Lack of childcare providers for CPEs

Mona Donnelly, general manager of the Bambinos Universe Early Childhood Centers in Luskville and Shawville, which are CPEs in the region, was also in attendance at the meeting. She explained the difficulties faced by these quasi-government daycares.

“The problem is not the capacity, the problem is the employees. I don’t have the manpower,” Donnelly said. “It’s unfortunate because we have the facility, we have the space to have more spots, you don’t have to do any architectural work or any changes, but we just don’t have the manpower.”

Both Donnelly and Fortin said most trained childcare workers are going into the school system due to better salaries and conditions, leaving a lack of qualified people to work in the CPEs.
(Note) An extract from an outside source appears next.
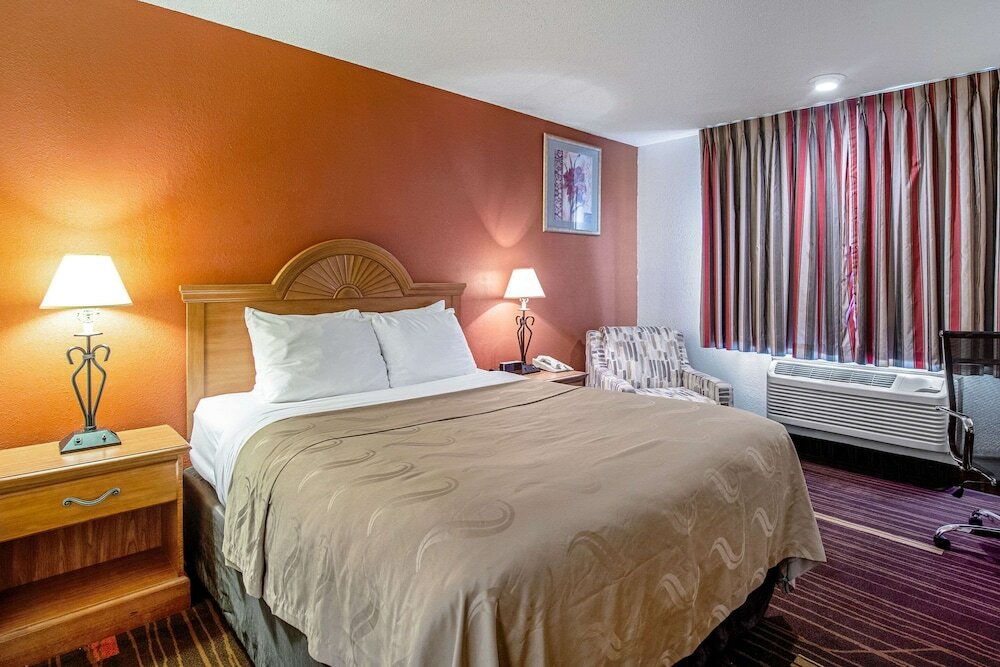 Фото Quality Inn Aberdeen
Aside from improving working conditions at CPEs, Donnelly also suggested that Heritage College should be encouraged to offer an early childhood education program again to increase the number of potential recruits.

Fortin responded that he could see Heritage reoffering the program if the demand from students became apparent.

“What we’re learning tonight is that we need to be really proactive with this,” Toller said. “Not only with figuring out where the daycares are needed but also have people who will be employed in the daycares. And I think the government would be very happy to see that we’re mobilizing ourselves, making a plan and deciding to get this course back in Heritage College because then we would have a made-in-the-Pontiac solution.”

Toller promised to host another, better-publicized meeting in the coming months in hopes of adding to the proposals coming from the MRC.